BEIJING, Mar. 10 (Xinhua) -- Home sales and property investment in China both slowed in the first two months of the year, as the correction in the real estate market deepened because of the government's continuing curbs on the property market.
Home sales were down 14 percent year-on-year, while the value fell 20.9 percent to 414.5 billion yuan ($65.8 billion), according to the National Bureau of Statistics on Friday.
Property investment rose 27.8 percent in the first two months to 543.1 billion yuan, but the rate of growth fell 0.1 percentage point from the same period in 2011. The growth rate of investment in the residential sector was down 7 percentage points, according to the NBS.

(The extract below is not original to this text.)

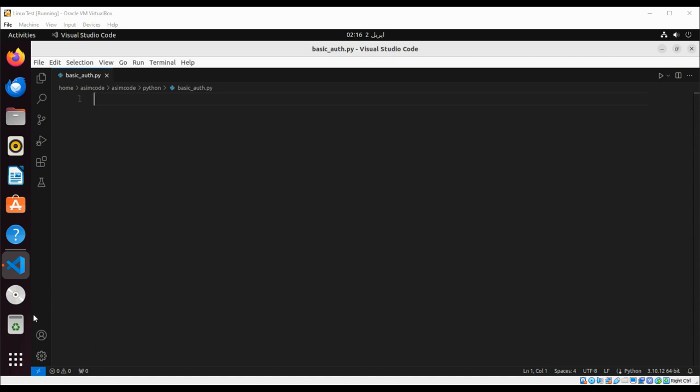And it is still being used by high security or corporate sites. So let's see a URL with basic access authentication.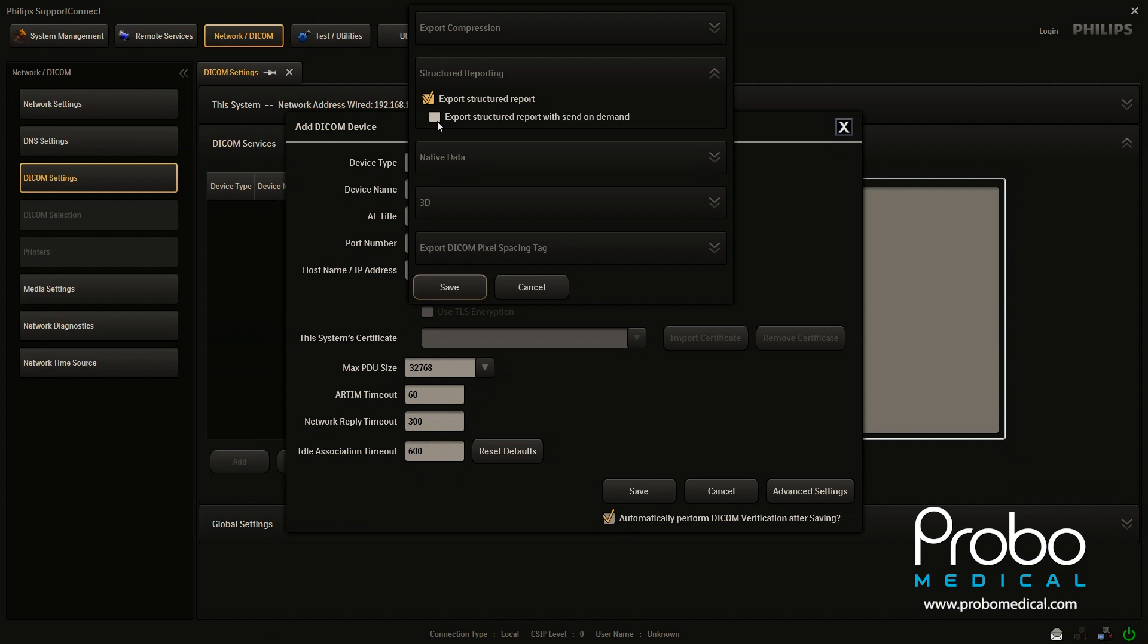I've only ever had to use that one time with one particular PACs product. So you may or may not need to use that. But you definitely want this export structured reporting box checked.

"Despite the slowdown in property sales and investment, China should continue its property curbs at this time," said Pan Jiancheng, deputy head of the China Economic Monitoring and Analysis Center, a research center affiliated with the NBS.

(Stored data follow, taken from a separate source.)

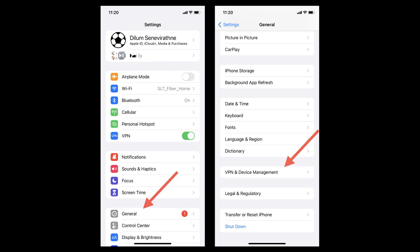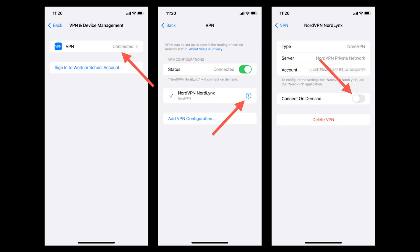To do this, open General in the Settings app, scroll down to VPN and Device Management, and select it. Tap on the VPN you want to disconnect, then tap the info icon next to your VPN configuration. Toggle off Connect on Demand.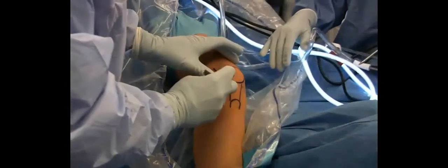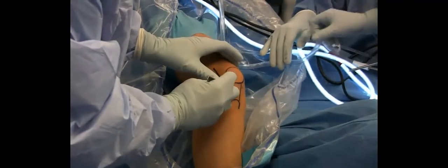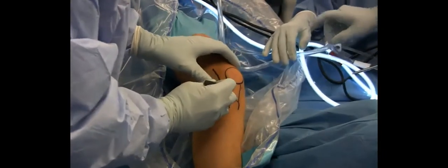We then perform a standard diagnostic arthroscopy using anterolateral as well as anteromedial portals.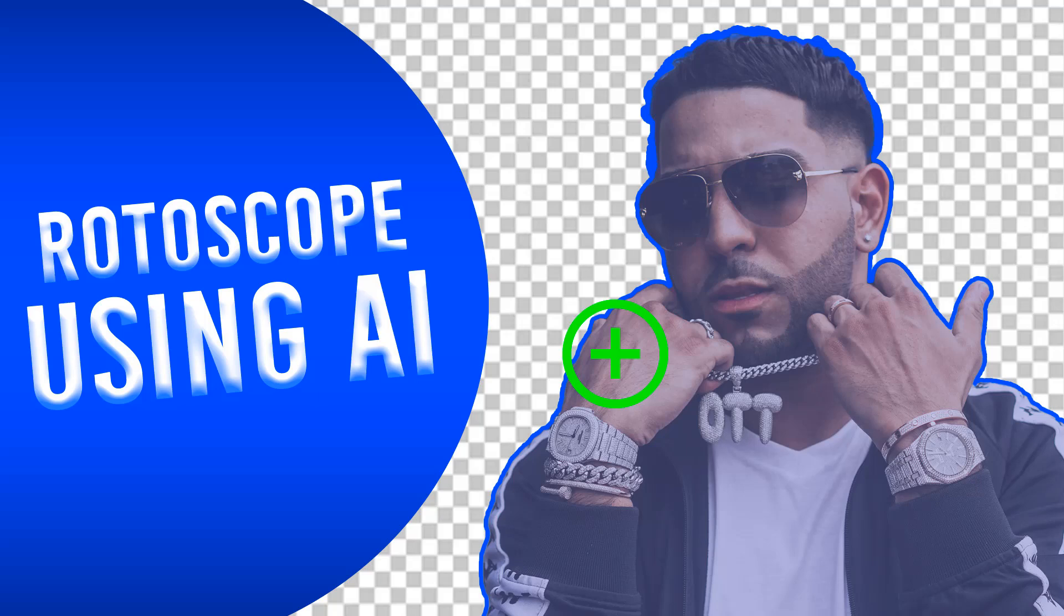Hi guys, this is Daniel from F&D. In this video we are going to see how to rotoscope a video using AI. Using this AI we can easily remove background and extract our subject from the video.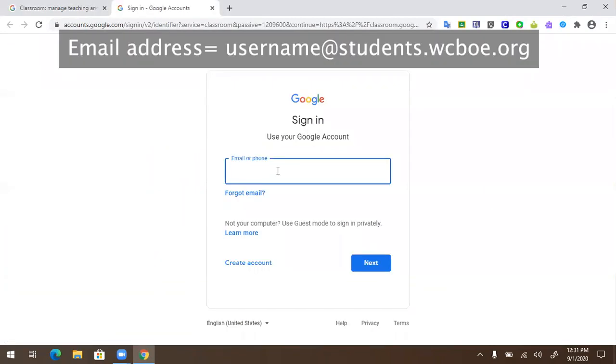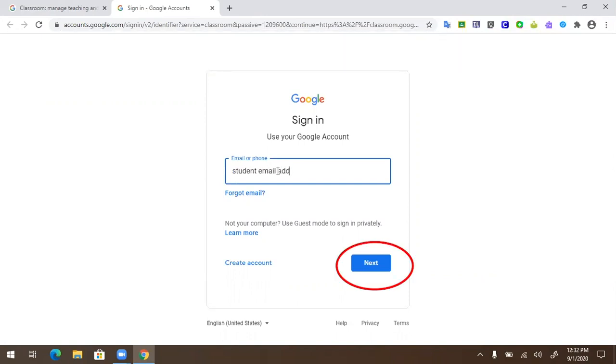At this screen, enter your student email address. Your email address is your username at students.wcboe.org. Click Next.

Most economists estimated that investment would fall by less than 3 percent this year.
"Such a dip in investment, which is within our expectations, could be offset by growth in domestic consumption and is in line with our target for restructuring the economy," said Pan.
Meanwhile, the index for property development stood at 97.89, down by 1 percentage point from December 2011, according to the NBS.
Home prices in China fell for the sixth consecutive month in February, according to SouFun Holdings Ltd, the country's largest real estate website. Property prices nationwide fell 0.3 percent, the biggest drop since September 2011.
China Vanke Co, the country's largest publicly traded developer, said contracted sales in the first two months fell 27 percent from a year earlier to 19.05 billion yuan.
"Many developers in China may be at an increased risk of refinancing because of weaker property sales, high funding costs and tightened liquidity," said Bei Fu, a credit analyst at Standard & Poor's.
"Some small and medium-sized companies may find it increasingly hard to maintain their competitive positions when lenders and investors become cautious about higher-risk credit. But large and well-capitalized developers will continue to grow by acquiring land at deflated prices and by accessing funding."